UNITED NATIONS, Feb 28 (Alliance News): UN Secretary-General Antonio Guterres on Monday called for an immediate end to Russia’s military operations in Ukraine, saying, “Enough is enough”.

“The fighting in Ukraine must stop. It is raging across the country, from air, land and sea. It must stop now,” he told an emergency special session of the UN General Assembly on Ukraine.

“Enough is enough. Soldiers need to move back to their barracks. Leaders need to move to peace. Civilians must be protected. International humanitarian and human rights law must be upheld.

The sovereignty, independence and territorial integrity of Ukraine, within its internationally recognized borders, must be respected,” Guterres added.
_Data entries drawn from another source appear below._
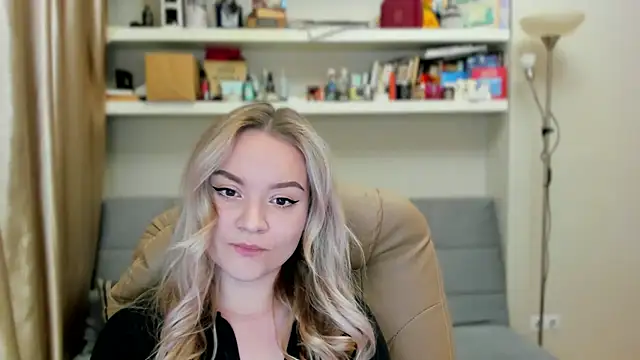 Kara Smith  online show from 10/25/25, 10:37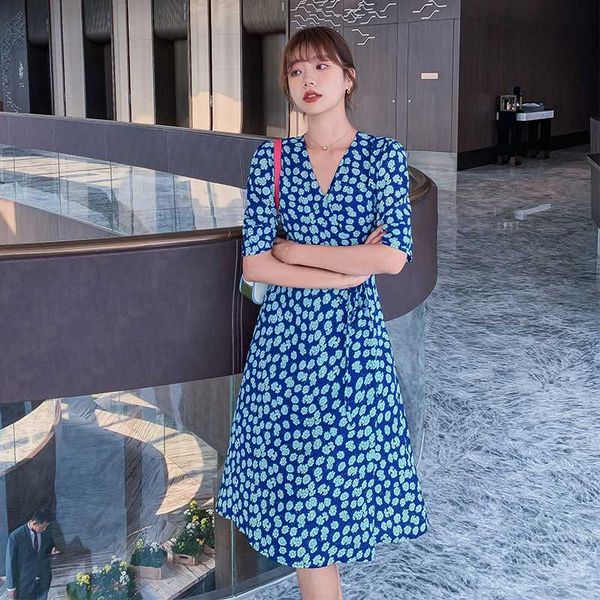 women midi blue chiffon floral dress summer runway korean vintage short casual party dress boho tropical beach vacation dresses, Black;gray
women midi blue chiffon floral dress summer runway korean vintage short casual party dress boho tropical beach vacation dresses, Black;gray
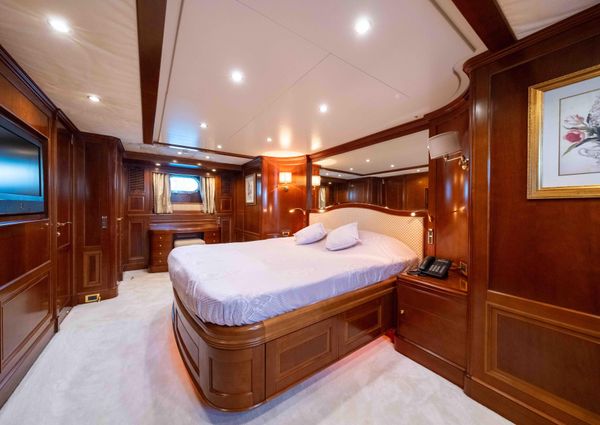 Benetti Tradition 100 image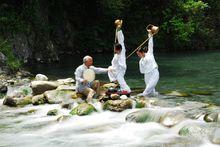 蒙頂山茶道“龍行十八式”圖片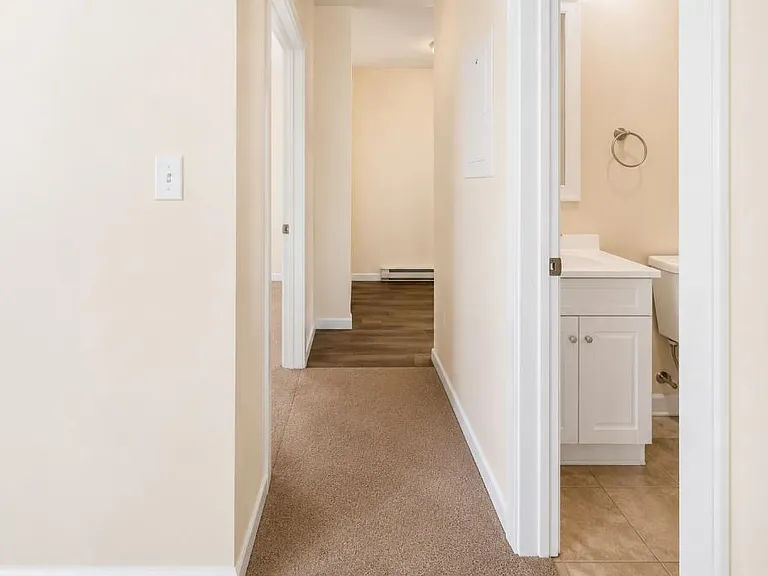 124 W Potomac St — Photo 3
The UN chief also called Russian putting nuclear defences on alert “a chilling development.” “The mere idea of a nuclear development is simply inconceivable,” Guterres said, adding, “Nothing can justify the use of nuclear weapons.”

He said the UN High Commissioner for Refugees (UNHCR) had estimated a half a million Ukrainians had fled the country, and there were credible reports of damage to residential buildings and critical civilian infrastructure. The UN leader called the death of civilians, including children, “totally unacceptable.”

Guterres expressed the hope that direct talks between Ukraine and Russian delegations would welcome an immediate stop to the fighting and a diplomatic solution. “The sovereignty of Ukraine must be respected,” he said earlier.

Speaking next, Ukraine’s Ambassador Sergiy Kyslytsya told the 193-member Assembly that if his country were crushed, international peace and democracy were in peril. Ukraine “is paying now the ultimate price for freedom and security of itself, and all the world,” he said at the assembly’s first emergency meeting in decade “If Ukraine does not survive… international peace will not survive. If Ukraine does not survive, the United Nations will not survive,” he said.

“Have no illusions. If Ukraine does not survive, we cannot be surprised if democracy fails next.” Russian Ambassador Vassily Nebenzia reiterated his country’s assertions that what it called a “special military operation” in defence of two breakaway areas in Ukraine was being misrepresented. “Russian actions are being distorted and thwarted,” he said.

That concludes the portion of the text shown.